Whilst on a food related note. A lot of folk seem to have hydration issues cycling, and even on my 19 mile commute would take in fluids. Me, it would just make me need the loo even more than I do; If I ever do any longer distance riding I’m avoiding fluids as much as possible otherwise I’d be spending all my time off the bike.

What I do have an issue with though is food. I get soooo hungry. Which means when I get to work I want to eat all the food I have, but I need to have enough sense and willpower to leave something to eat for before the journey home. The only success I’ve had here is with packets of porridge. Anything like biscuits, fruit, sandwiches or cereal bars are just too tempting by convenience and I end up eating them. But porridge requires me to get off my arse and go and make it. Fortunately it’s not too inconvenient and we’ve got a microwave and bowls and spoons at work.

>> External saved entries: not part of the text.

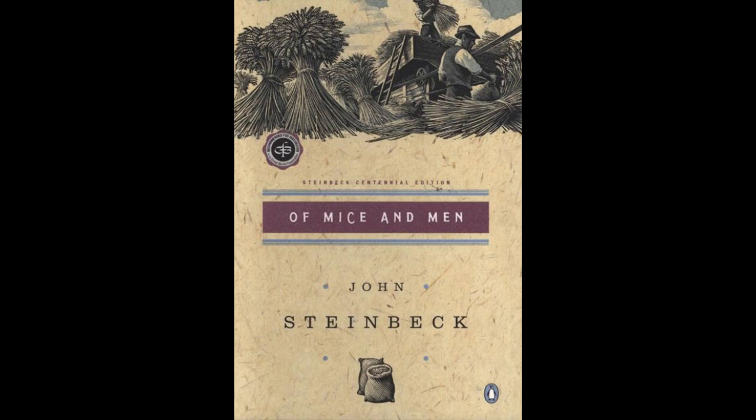Carrying in their yellow leaf junctures the debris of the winter's flooding, and sycamores with mottled white recumbent limbs and branches that arch over the pool. On the sandy bank under the trees, the leaves lie deep and so crisp that a lizard makes a great skittering if he runs among them.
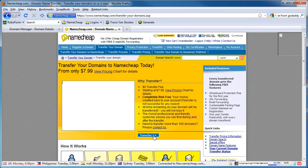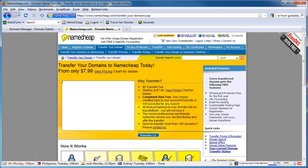What this takes you to is basically a shopping cart. The process is just like registering a brand new domain at Namecheap.com — you go through the shopping cart, check out, enter your payment information, and hit confirm payment and you're good to go.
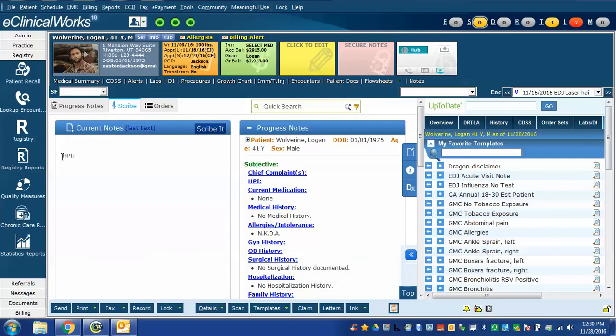In this case, it made a new line, it wrote HPI colon and it put the cursor one line below. I'm now ready to dictate whatever I want. And then when I hit scribe, it will go into the correct section of the progress note. Let me demonstrate briefly.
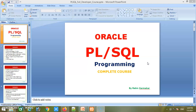That is why Oracle PL/SQL programming was introduced. PL/SQL stands for Procedural Language extension to SQL — structured query language — making it a procedural programming language built on top of SQL.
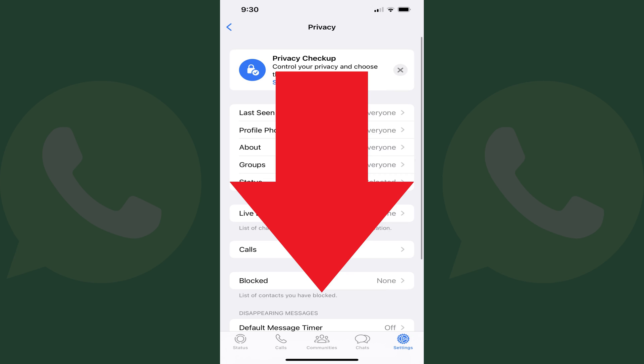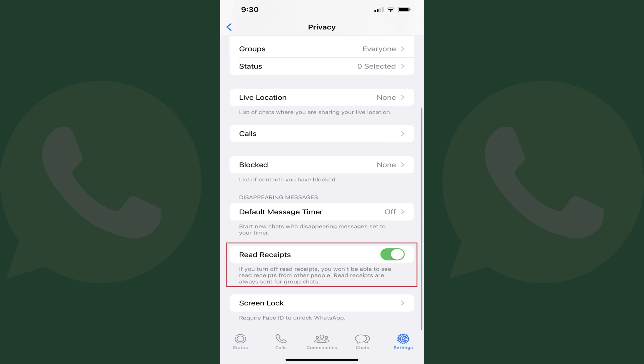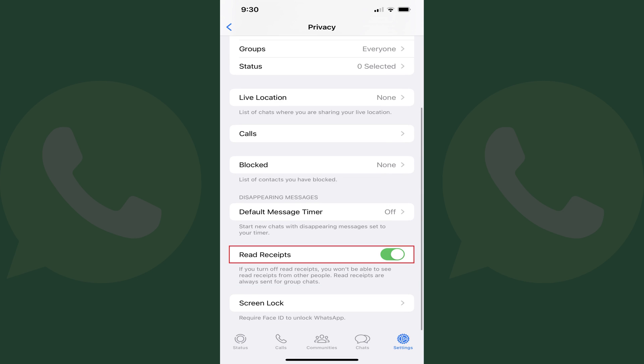Step 4: Scroll down until you see Read Receipts, and then toggle Read Receipts off. Going forward, read receipts will be turned off for you on WhatsApp in personal conversations, and no one in a personal chat will be able to see whether you've read a message they sent, and you won't be able to see if they read a message you sent. Note that this does not turn off read receipts in a WhatsApp group chat.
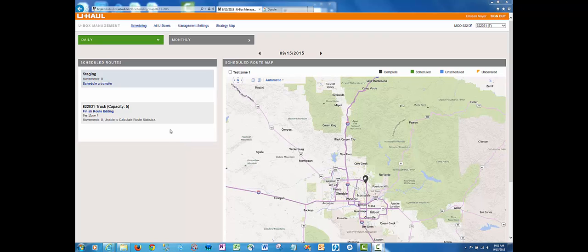In your uBox management tool, you now have the ability to schedule box distribution movements such as transfers. To do so, in your daily view, click on the schedule transfer button under your staging area.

The flavoured porridge sachets are great because they taste good with water (more available to me than milk) and only take a couple of minutes in the microwave.

In order of preference:

  1. Dorset Cereals. Tastes as good as it looks. Still looks and tastes great with water because has flavoured oats and bits of fruit in it.

  2. Quaker Oats Oat So Simple. Nice enough. The new Sweet Cinnamon one is lovely. And you can get ones with bits in similar to - although not as fruity as - the Dorset Cereals.

  3. Quaker Oats Paw Ridge. Least favourite as it going along the lines of Ready Brek and is milled finer. For some reason kids are supposed to like it like this. But made with water looks too much like wallpaper paste; tastes fine though.